Mason shook his head. “You’re not the reason. I am. My choices. My mistakes. My priorities.” He stepped closer, close enough to see the small scar above her eyebrow. “I’ve spent fifteen years chasing fame. It made me rich and famous and miserable. I’ve spent eighteen days chasing something else. And for the first time in my life, I’m not miserable.”
He touched her face, his spackle-covered fingers gentle on her cheek.
“You’re not a reason, Wren. You’re a destination.”
The phone stayed in the drawer for another week.
But on the eighth day, when Mason was out fixing the gutter, it buzzed again. Wren was alone in the kitchen, washing dishes, when she heard the familiar vibration. She dried her hands, opened the drawer, and looked at the screen.

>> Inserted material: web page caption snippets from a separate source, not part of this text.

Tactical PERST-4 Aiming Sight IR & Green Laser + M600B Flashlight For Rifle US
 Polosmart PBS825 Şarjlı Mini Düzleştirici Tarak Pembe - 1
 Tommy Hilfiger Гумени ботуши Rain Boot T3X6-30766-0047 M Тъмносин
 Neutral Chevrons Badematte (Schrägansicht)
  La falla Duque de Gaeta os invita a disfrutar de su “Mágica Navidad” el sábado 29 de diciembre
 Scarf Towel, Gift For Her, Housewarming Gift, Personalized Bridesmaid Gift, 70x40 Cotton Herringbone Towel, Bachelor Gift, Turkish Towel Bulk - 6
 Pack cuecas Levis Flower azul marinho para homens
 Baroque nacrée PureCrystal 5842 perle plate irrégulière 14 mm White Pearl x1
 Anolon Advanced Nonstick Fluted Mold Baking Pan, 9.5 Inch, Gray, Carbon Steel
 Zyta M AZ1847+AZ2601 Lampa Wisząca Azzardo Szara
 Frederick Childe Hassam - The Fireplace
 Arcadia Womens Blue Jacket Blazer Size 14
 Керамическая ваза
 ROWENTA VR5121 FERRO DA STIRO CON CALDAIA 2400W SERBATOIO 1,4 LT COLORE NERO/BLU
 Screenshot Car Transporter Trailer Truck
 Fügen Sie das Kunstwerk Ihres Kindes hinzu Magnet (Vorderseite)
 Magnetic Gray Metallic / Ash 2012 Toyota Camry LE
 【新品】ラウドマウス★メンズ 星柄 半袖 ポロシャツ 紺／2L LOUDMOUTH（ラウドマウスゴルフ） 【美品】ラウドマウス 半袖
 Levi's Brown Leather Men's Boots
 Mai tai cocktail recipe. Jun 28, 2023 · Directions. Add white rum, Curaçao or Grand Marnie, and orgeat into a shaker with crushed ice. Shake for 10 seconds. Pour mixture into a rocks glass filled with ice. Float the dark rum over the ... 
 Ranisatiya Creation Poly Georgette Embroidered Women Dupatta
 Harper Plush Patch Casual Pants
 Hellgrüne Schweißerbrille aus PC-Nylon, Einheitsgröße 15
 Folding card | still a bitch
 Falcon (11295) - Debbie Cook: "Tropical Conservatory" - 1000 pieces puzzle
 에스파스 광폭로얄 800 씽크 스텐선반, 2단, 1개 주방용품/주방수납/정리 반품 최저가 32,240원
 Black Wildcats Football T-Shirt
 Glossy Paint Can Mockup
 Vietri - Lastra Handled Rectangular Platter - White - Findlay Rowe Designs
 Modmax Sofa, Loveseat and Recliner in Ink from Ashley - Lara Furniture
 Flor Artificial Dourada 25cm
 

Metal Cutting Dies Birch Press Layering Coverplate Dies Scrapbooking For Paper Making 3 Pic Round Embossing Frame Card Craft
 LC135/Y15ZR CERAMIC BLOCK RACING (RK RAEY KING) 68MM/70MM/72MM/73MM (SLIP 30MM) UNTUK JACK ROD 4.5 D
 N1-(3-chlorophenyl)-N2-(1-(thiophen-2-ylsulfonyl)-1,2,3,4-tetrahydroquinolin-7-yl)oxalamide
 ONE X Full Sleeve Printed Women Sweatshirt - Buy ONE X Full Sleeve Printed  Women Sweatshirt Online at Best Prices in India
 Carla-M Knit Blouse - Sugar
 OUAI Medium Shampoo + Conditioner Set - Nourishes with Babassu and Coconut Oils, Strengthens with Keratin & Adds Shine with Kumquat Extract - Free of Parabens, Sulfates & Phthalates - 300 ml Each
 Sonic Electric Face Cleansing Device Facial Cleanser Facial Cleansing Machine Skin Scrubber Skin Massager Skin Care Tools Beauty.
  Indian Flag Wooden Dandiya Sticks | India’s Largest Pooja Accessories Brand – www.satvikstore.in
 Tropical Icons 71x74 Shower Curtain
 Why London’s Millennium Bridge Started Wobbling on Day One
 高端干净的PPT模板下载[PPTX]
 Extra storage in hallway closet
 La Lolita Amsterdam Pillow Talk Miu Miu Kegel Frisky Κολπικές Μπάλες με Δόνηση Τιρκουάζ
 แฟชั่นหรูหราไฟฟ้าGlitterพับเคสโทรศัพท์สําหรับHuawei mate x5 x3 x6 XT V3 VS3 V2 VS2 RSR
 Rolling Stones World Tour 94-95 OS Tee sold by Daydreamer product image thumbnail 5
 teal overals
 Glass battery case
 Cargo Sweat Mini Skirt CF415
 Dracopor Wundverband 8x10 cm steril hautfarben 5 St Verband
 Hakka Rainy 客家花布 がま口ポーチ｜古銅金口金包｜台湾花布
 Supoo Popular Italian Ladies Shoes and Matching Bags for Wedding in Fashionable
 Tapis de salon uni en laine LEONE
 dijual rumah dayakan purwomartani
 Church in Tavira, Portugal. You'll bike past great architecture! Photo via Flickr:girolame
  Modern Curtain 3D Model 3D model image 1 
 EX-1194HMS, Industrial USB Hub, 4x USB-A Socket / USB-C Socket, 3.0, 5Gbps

Gary — Manager had called four more times. Unknown Number had called twice. And there was a text message from a number she didn’t recognize:
“Mason, it’s Julian Voss. Blackthorn Records. My offer expires in 48 hours. Don’t throw away your future for a farm girl. Call me.”
Wren stared at the words. Farm girl. The phrase landed like a slap. She wasn’t ashamed of being a farmer — she was proud of it — but the condescension, the dismissal, the assumption that she was somehow less than made her blood run hot.
She thought about deleting the message. About pretending she’d never seen it. About protecting Mason from a choice he’d already made.
But that wasn’t who she was.
She set the phone back in the drawer, left the message unread, and went outside to find Mason.
He was on a ladder, cleaning leaves from the gutter. His flannel was untucked, his hair was a mess, and he was humming — a new melody, something soft and sad. He looked down when she approached.
“Gutter’s almost done,” he said.
“Good.” She stood at the bottom of the ladder, looking up at him. “Mason, your phone buzzed again.”
“Ignore it.”
“I can’t.” She folded her arms. “There’s a text from Julian Voss. He says his offer expires in 48 hours. He says you’re throwing away your future for a farm girl.”
Mason’s hands stilled on the ladder. His expression darkened.
“He called you a farm girl?”
“He did.”
Mason climbed down from the ladder, his jaw tight. He walked past her into the house, went to the kitchen drawer, and pulled out the phone. He read the message, his face unreadable. Then he pressed the call button.
Wren watched from the doorway.
“Julian,” Mason said, his voice cold. “It’s Mason Cross. I’m calling to tell you to lose my number.” A pause. “I don’t care about your offer. I don’t care about Blackthorn Records. And if you ever call her a farm girl again, I’ll drive to Hays and show you what a farm boy can do with a post-hole digger.”
He hung up, turned off the phone, and threw it back in the drawer.
Wren didn’t know whether to laugh or cry.
“You just burned a record deal,” she said.
“I know.”
“For me.”
“For us.” He walked toward her, stopping inches away. “That’s what people do. They choose each other.”
She reached up and touched his face — his stubbled jaw, his tired eyes, his beautiful, complicated, infuriating face.
“You’re insane,” she whispered.
“Probably.”
“I’m falling in love with you.”
The words hung in the air between them. Mason’s breath caught.
“Say that again,” he said.
“I’m falling in love with you.” Her voice shook, but her eyes were steady. “And it terrifies me.”
Mason pulled her into his arms, holding her tight against his chest. She buried her face in his neck, breathing him in — sawdust and coffee and something else, something that was just him.
“I’m falling in love with you too,” he murmured into her hair. “And I’m not terrified. I’m grateful.”
They stood like that in the kitchen, holding each other, while the phone lay silent in the drawer and the gutter dripped outside and the farm waited, patient and eternal.